“High School Musical” will always be one of my favorite movies. Is it unabashedly cheesy? Yes, of course. But when you look beyond all the campiness and swoon-worthy teen romance, there’s real pathos there. At its core, “HSM” is about following your heart, so that’s why today (Jan. 20), on the Disney Channel Original Movie’s 10-year anniversary, I’m going to follow mine.
I’ve been shipping Troy Bolton (Zac Efron) and Sharpay Evans (Ashley Tisdale) since the early days of “HSM” fever. I know Troy and Gabriella (Vanessa Hudgens) were the indomitable OTP of the “High School Musical” universe; they were the king and queen of East High. Troyella was endgame, plain and simple. (Well, as endgame as a high school relationship can be.) But the chemistry between Troy and Sharpay was undeniable.
To borrow a few words from my go-to prophet Taylor Swift, while the rest of the Wildcats lived their lives in black and white, Troy and Sharpay were in screaming color. (And we all know how much Sharpay liked to scream.)
Troy needed someone who could keep him on his toes, and that person was Sharpay. She was aggressive, to say the least, but she had every right to be. You see, I am Sharpay Evans. You are Sharpay Evans. We are all Sharpay Evans. Who wouldn’t immediately dislike some annoyingly perfect person who was trying to steal your shine? Sharpay put in years of hard work to earn her spot atop East High’s musical theater ladder. She earned it — and Gabriella waltzed right in and took everything from her. That’s tough.
It’s not bad to want things, or to be fiercely determined. Simply put, Sharpay wasn’t the antagonist; she was human. In fact, she was the realest one of them all. We shouldn’t reprimand her for her ambition.

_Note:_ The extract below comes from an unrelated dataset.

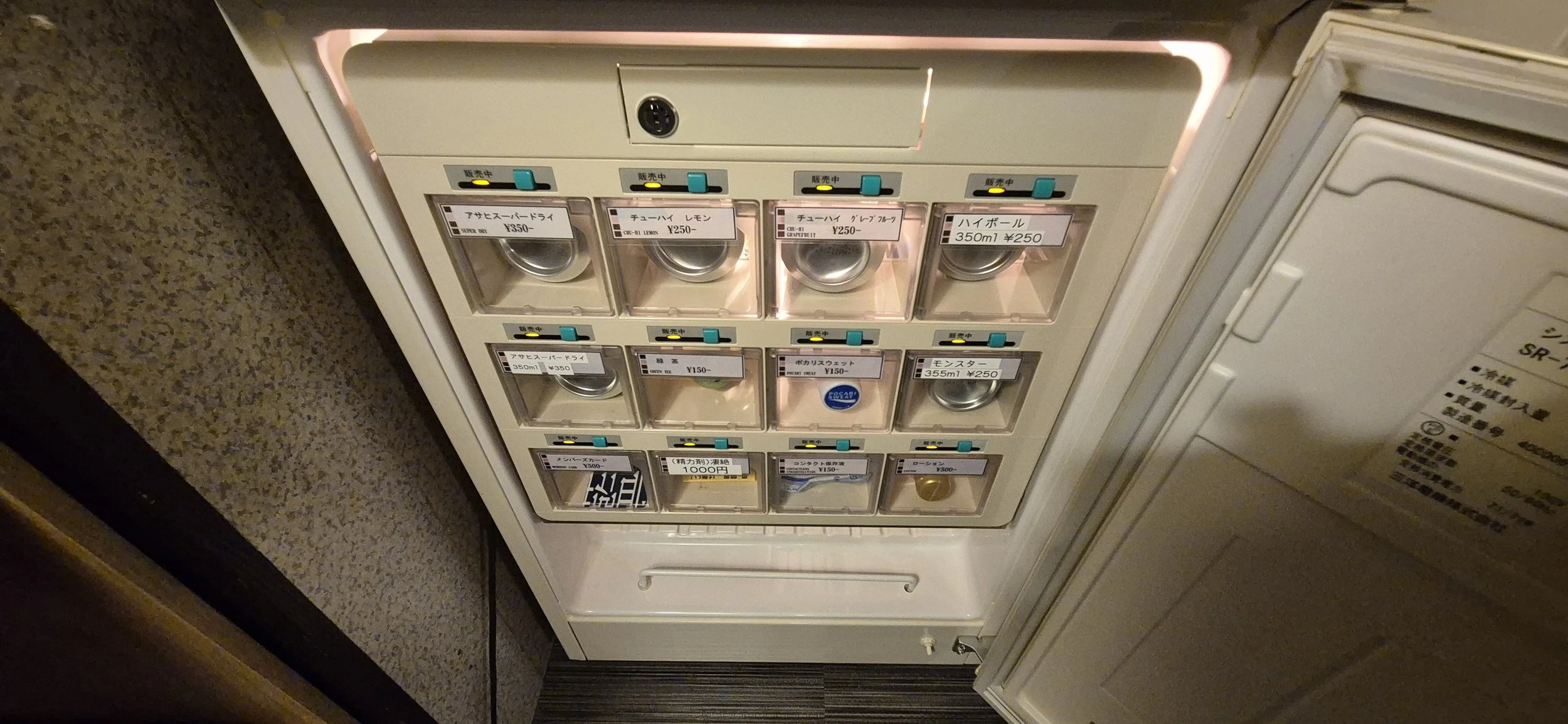 1000062604.jpg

That being said, Troy could have been the one who showed Sharpay that there was more to life than being the best. Just think about what a great love story that would have been.

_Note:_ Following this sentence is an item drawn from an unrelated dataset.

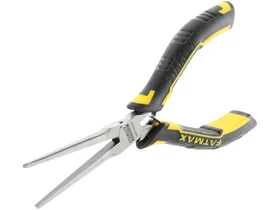 Kép: Stanley Fatmax hosszucsoru fogo 150 mm_0.webp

Troypay could have been so much more than a one-sided crush. Not only would their pairing have been more electric, but it also would have been more authentic to the film’s message. Think about it: Gabriella was perfect. She excelled at everything and always found a way to make it work, regardless of circumstances. Now, I have nothing against Mary Sues (they can make awesome heroines), but Gabriella was the only Wildcat who never changed — because she didn’t have to.
Sharpay, on the other hand, had to learn a few crucial life lessons — and in the end, that made her a far more interesting, and dare I say better, character. She made compromises for her friends, and for Troy. Frankly, she didn’t deserve to sit on the sidelines and watch Troyella get all the glory.
Troy and Sharpay were never officially cannon, nor will they ever be (unless, of course, we get that reunion movie). But that’s OK. At least Sharpay got her own solo movie in the end — and it was fabulous, just like she deserved.